A ex-prefeita paulistana Marta Suplicy terá de encontrar agora um outro argumento para criticar Alckmin, a quem chamou, logo após o encerramento do debate televisivo anterior, na rede Band, de 'candidato de plástico' moldado por assessores do PSDB, já que, a seu ver, ele nada mais fizera além de citar de forma monocórdica denúncias de corrupção. Tratava-se de uma aleivosia, porque também naquele encontro Alckmin foi mais explícito e convincente do que seu oponente em questões programáticas e ontem quem se repetiu a todo momento, como se tivesse uma cartilha decorada, foi Lula. Este, aliás, precisou a certa altura recolher o rabo entre as pernas no debate de ontem, depois de usar a expressão 'samba de uma nota só', derivada do tom supostamente monocórdico do candidato tucano, para diminuir a resposta dada por ele no quesito corrupção, formulado pela produção do programa de TV. "Não é apenas uma nota, mas um milhão e setecentos e cinqüenta mil", devolveu Alckmin, numa referência à montanha de cédulas de dinheiro apreendidas com os petistas presos no caso do dossiê Vedoin.
Outras ironias usadas por Lula contra o oponente também soaram suspeitas. Sua citação do PCC como principal beneficiário da alegada falta de segurança no estado de São Paulo, durante a gestão Alckmin, por exemplo, ficou incompleta sem a lembrança de que a organização criminosa, além de jogar coquetéis Molotov nos ônibus e metralhar portas bancárias, faz proselitismo político em favor do PT. E na questão dos juros de quase 50% no governo Fernando Henrique Cardoso, contra os atuais 13,75% da taxa Selic (aqui Lula escorregou mais uma vez ao tentar dar um número de cabeça: falou em 6,85%), faltou dizer que seu antecessor tentava evitar que as reservas cambiais brasileiras virassem pó, no auge de uma crise financeira de dimensão mundial.
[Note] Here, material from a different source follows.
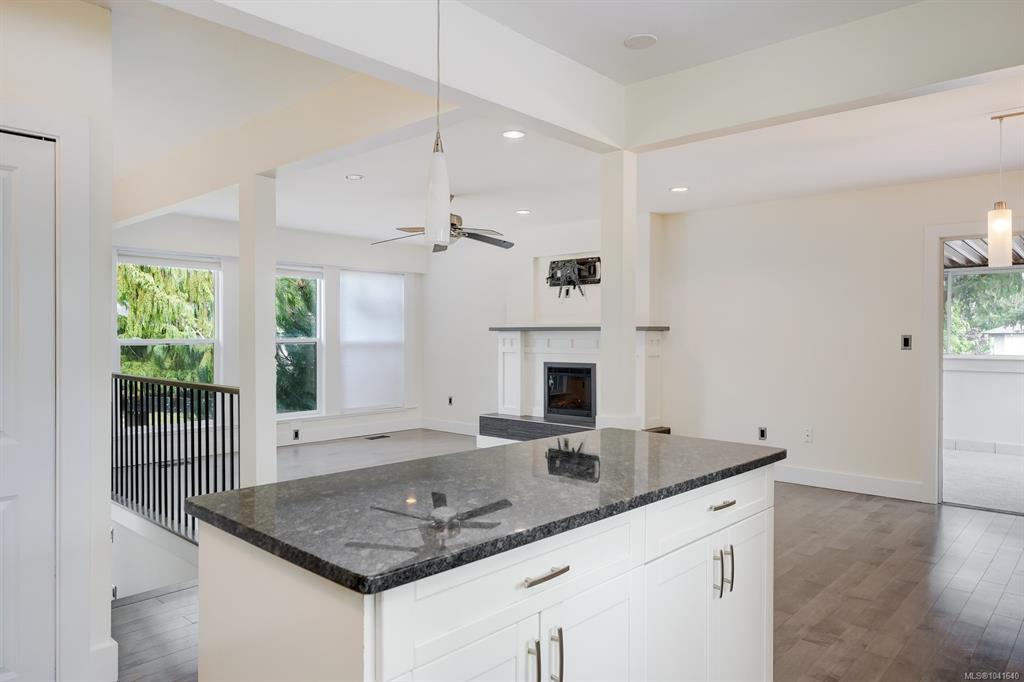 Fifth View of 1534 Edgemont Rd, Saanich, BC, V8N 4P9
Lula não se deu bem ainda quando tentou valorizar a pretensa distribuição de renda promovida por seu governo com a lembrança de que o Brasil já chegou a crescer 10% ao ano, mas deixando os pobres mais pobres. Esse cenário corresponde ao período de 1968 a 1973, o mais tenebroso da repressão às liberdades políticas comandada pela ditadura militar e, paradoxalmente, o de maior crescimento continuado do PIB, em décadas. O então chamado czar da economia, Delfim Netto, teve a sorte de comandar a pasta da Fazenda numa conjuntura internacional extremamente favorável, com oferta de dinheiro abundante e o barril do petróleo custando apenas 2,50 dólares, e ainda por cima contando com a casa arrumada pelos antecessores, os ministros do Planejamento e da Fazenda do governo Castelo Branco, respectivamente Roberto Campos e Octávio Gouvêa de Bulhões. Mas se Delfim, mesmo fazendo a economia crescer perto de 10% ao ano, pouco se lixou para o destino dos miseráveis do país, ele agora é cabo eleitoral de Lula, acolhido com todas as honras tanto pelo presidente-candidato quanto pelo PT. Se isso não representa uma contradição entre discurso e prática, então não se sabe o que mais o mesmo elástico pode prender.